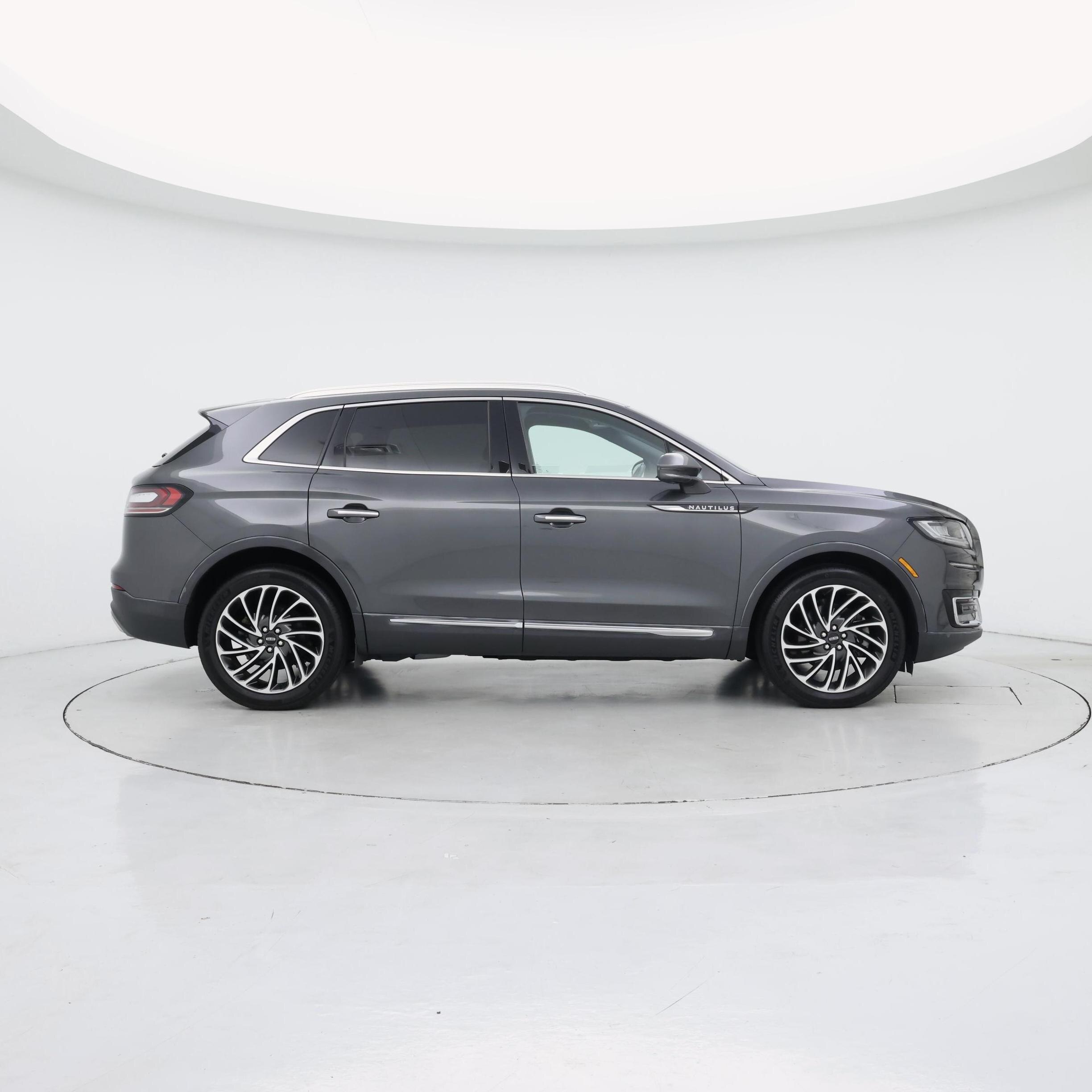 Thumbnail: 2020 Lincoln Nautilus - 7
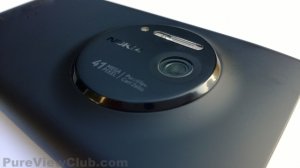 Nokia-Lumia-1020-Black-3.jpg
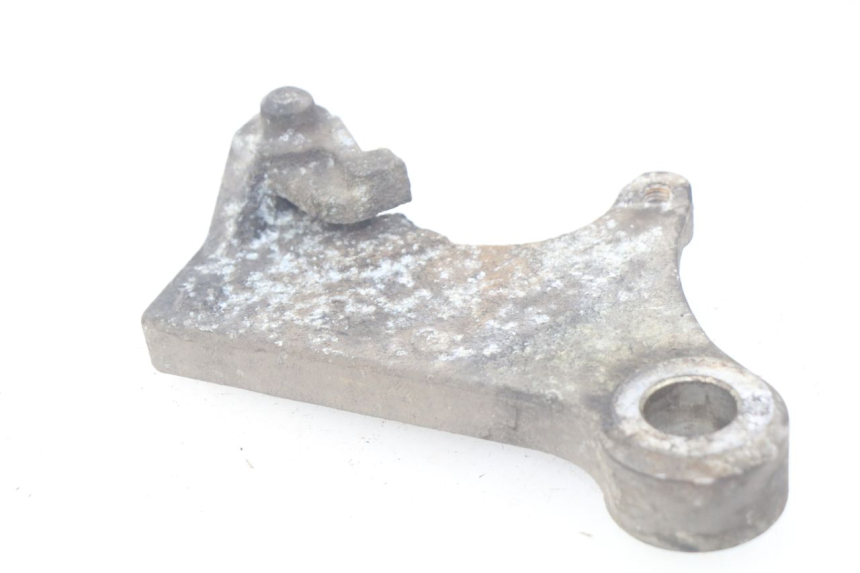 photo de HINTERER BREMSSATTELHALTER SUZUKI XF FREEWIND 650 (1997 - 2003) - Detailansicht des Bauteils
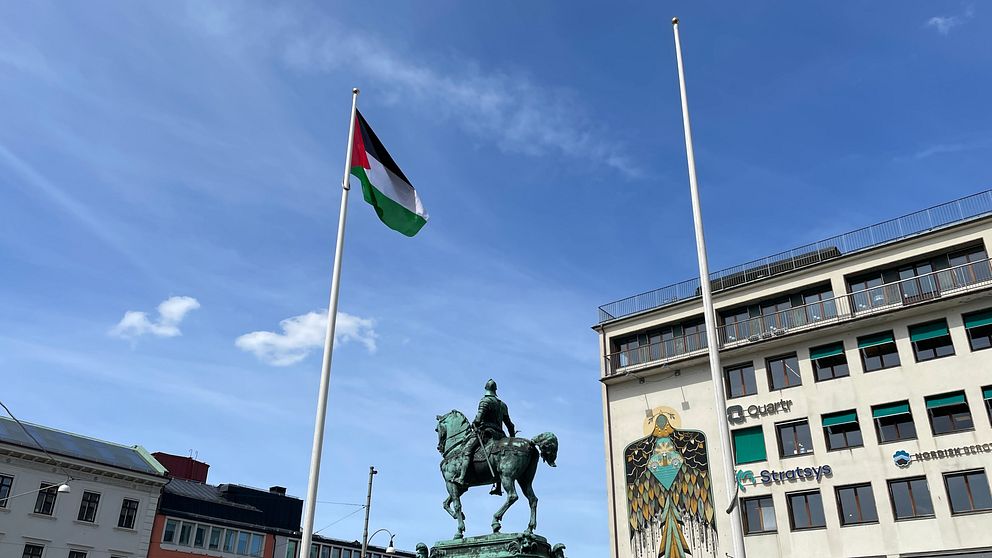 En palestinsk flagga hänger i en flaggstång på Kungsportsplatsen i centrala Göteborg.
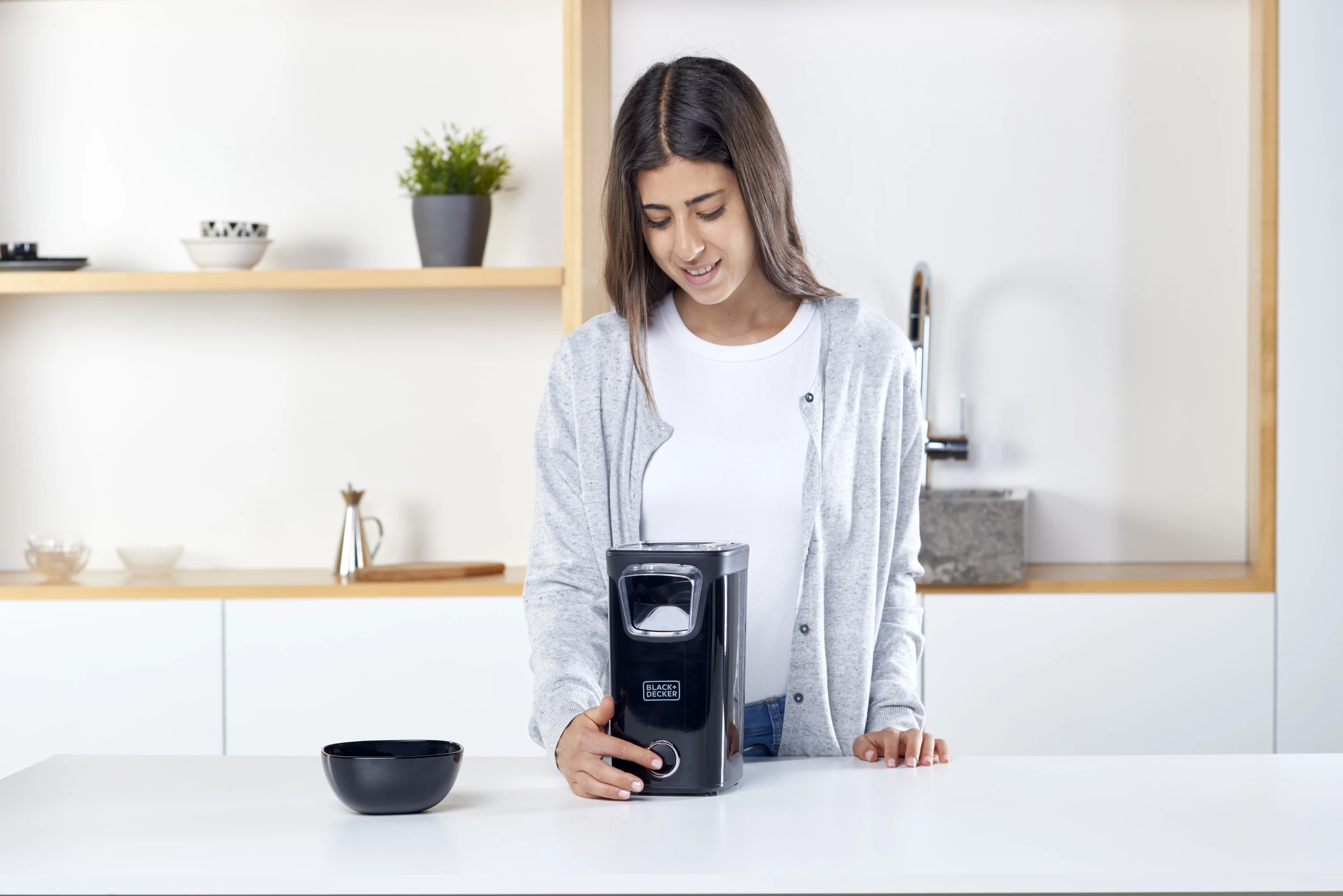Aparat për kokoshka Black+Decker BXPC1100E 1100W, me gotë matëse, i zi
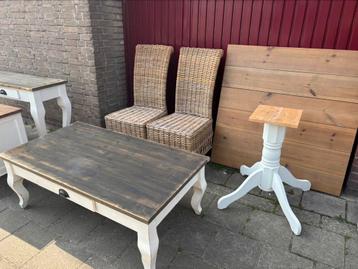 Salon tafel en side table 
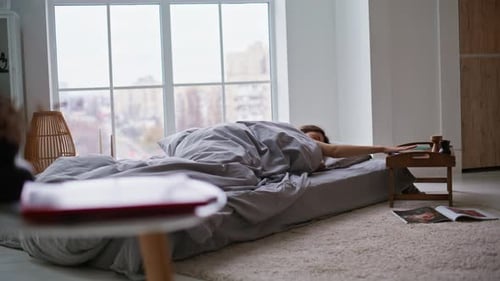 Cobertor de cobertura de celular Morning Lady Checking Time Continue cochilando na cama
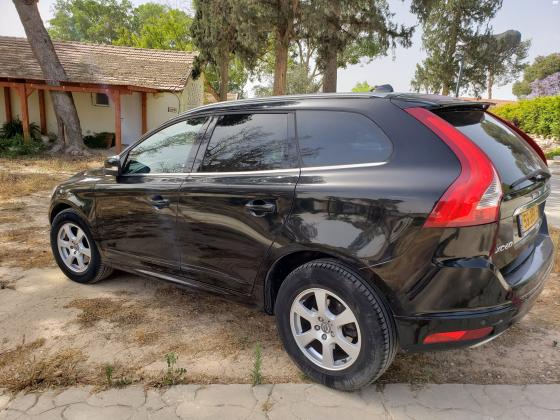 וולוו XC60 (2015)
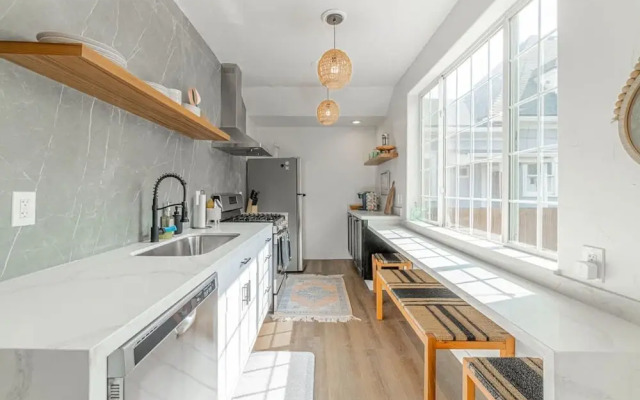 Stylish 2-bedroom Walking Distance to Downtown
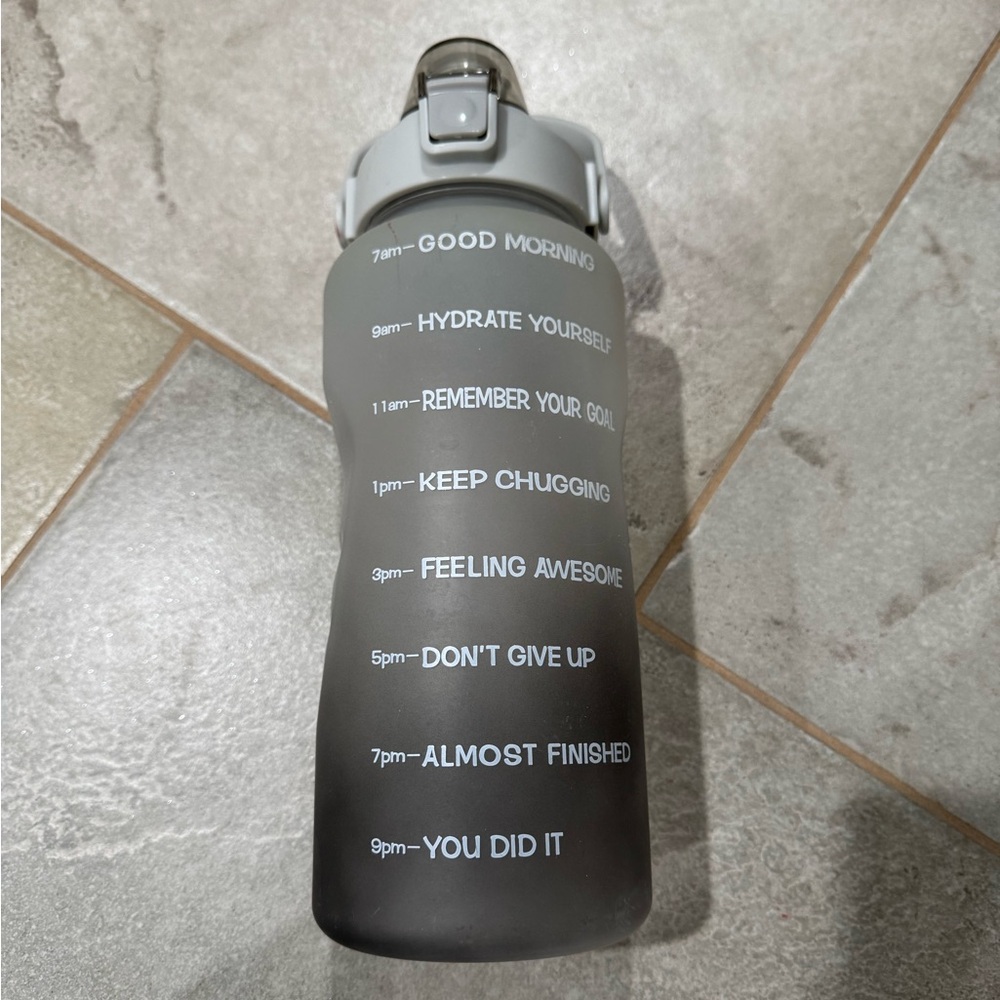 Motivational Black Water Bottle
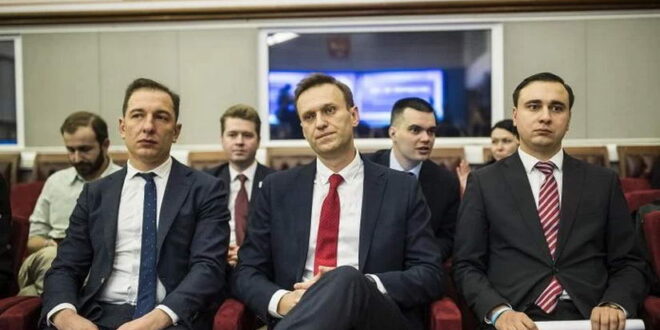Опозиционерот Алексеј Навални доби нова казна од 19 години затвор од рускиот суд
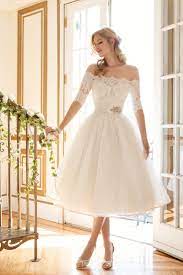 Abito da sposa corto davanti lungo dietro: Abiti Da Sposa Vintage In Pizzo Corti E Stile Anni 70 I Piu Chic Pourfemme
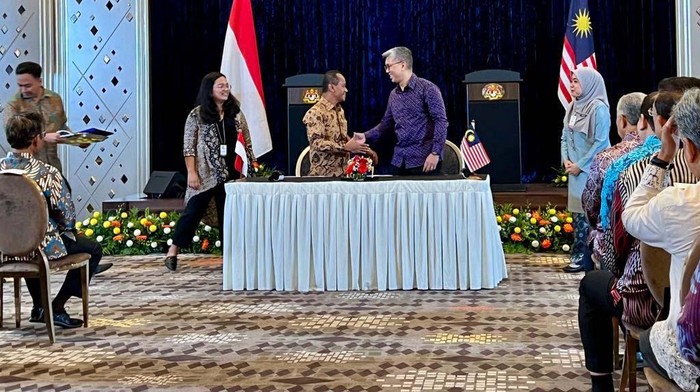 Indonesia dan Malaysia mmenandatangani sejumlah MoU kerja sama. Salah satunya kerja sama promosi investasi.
══════════
Exact copies of the lines from the one containing "Salon tafel en side table" through the final line of the data are required; pictures are to be omitted.

**Solution to this exercise:**
 Salon tafel en side table 
 Cobertor de cobertura de celular Morning Lady Checking Time Continue cochilando na cama
 וולוו XC60 (2015)
 Stylish 2-bedroom Walking Distance to Downtown
 Motivational Black Water Bottle
Опозиционерот Алексеј Навални доби нова казна од 19 години затвор од рускиот суд
 Abito da sposa corto davanti lungo dietro: Abiti Da Sposa Vintage In Pizzo Corti E Stile Anni 70 I Piu Chic Pourfemme
 Indonesia dan Malaysia mmenandatangani sejumlah MoU kerja sama. Salah satunya kerja sama promosi investasi.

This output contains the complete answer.